Differential equation - general and parictular solution

**jokke22** · May 20th 2009, 03:37 AM

Hi!

I have been given an equation as following:

$y^{//}-y^{/}+\frac{1}{4}y = x-4$

Which I am to find the general $y^g_n$ and a particular solution $y^p_n$

I have found that this gives a general solution:

by
$y^g_n = r^2-r+\frac{1}{4}$

One solution = $\frac{1}{2}$

Which gives:
$y^g_n = Ce^\frac{x}{2} + Dxe^\frac{x}{2}$

I am then to find the particular solution $y^p_n$

How to proceed is then my question...

By setting:

$y^p_n = an+b$

and calculate from there?

How would that look?

**TheAbstractionist** · May 20th 2009, 03:48 AM

Hi jokke22.

Originally Posted by jokke22

I am then to find the particular solution $y^p_n$

How to proceed is then my question...

By setting:

$y^p_n = an+b$

and calculate from there?

How would that look?

$y\ =\ ax+b$

$y'\ =\ a$

$y''\ =\ 0$

So $y''-y'+\frac14y\ =\ -a+\frac{ax+b}4\ =\ x-4.$ Then just equate coefficients.

**jokke22** · May 20th 2009, 07:15 AM

Originally Posted by TheAbstractionist

Hi jokke22.

$y\ =\ ax+b$

$y'\ =\ a$

$y''\ =\ 0$

So $y''-y'+\frac14y\ =\ -a+\frac{ax+b}4\ =\ x-4.$ Then just equate coefficients.

Hmmm... I think I misinterpret what I am to do...

I end up with...

$\frac{-4a+ax+b}{4} = x-4$

Grateful if you could show me...

**TheAbstractionist** · May 20th 2009, 07:40 AM

Originally Posted by jokke22

I end up with...

$\frac{-4a+ax+b}{4} = x-4$

$\frac a4\ =\ 1$

$\frac{b-4a}4\ =\ -4$

**HallsofIvy** · May 20th 2009, 02:21 PM

If two polynomials are the same for all x, you can equate individual coefficients.

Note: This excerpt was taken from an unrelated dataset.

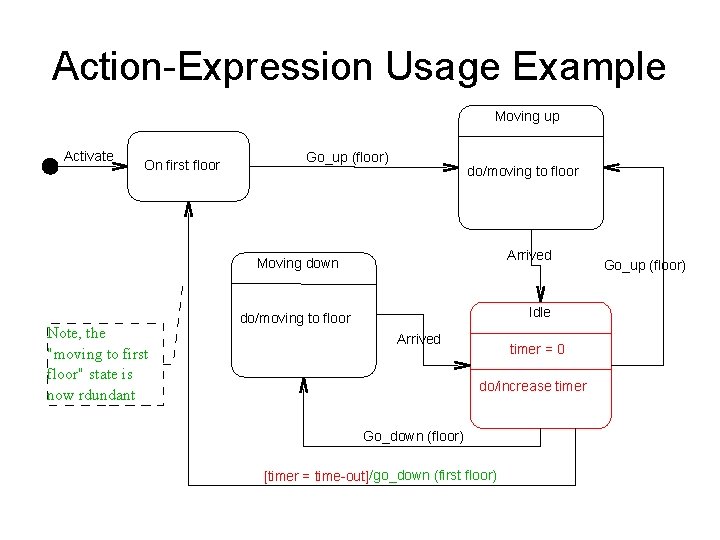 Action-Expression Usage Example Moving up Activate On first floor Go_up (floor) do/moving to floor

That is what The Abstractionist did.

You can also set x to any two values and then solve the resulting two equations for a and b. For example, since $\frac{-4a+ax+b}{4} = x-4$ , taking x= 0 gives $\frac{-4a+ b}{4}= -4$ or -4a+ b= -16. Taking x= 1 gives $\frac{-4a+ a+ b}{4}= 1- 4$ or $\frac{-3a+ b}{4}= -3$ so $-3a+ b= -12$ . Those are easy to solve.

**jokke22** · May 22nd 2009, 12:34 AM

Okey! I think I get it know... Thank you for the help!

However, how would this then look if you were to put a solution where,

$y_n= y^g_n + y^p_n$

$= Ce^\frac{x}{2}Dxe^\frac{x}{2} +$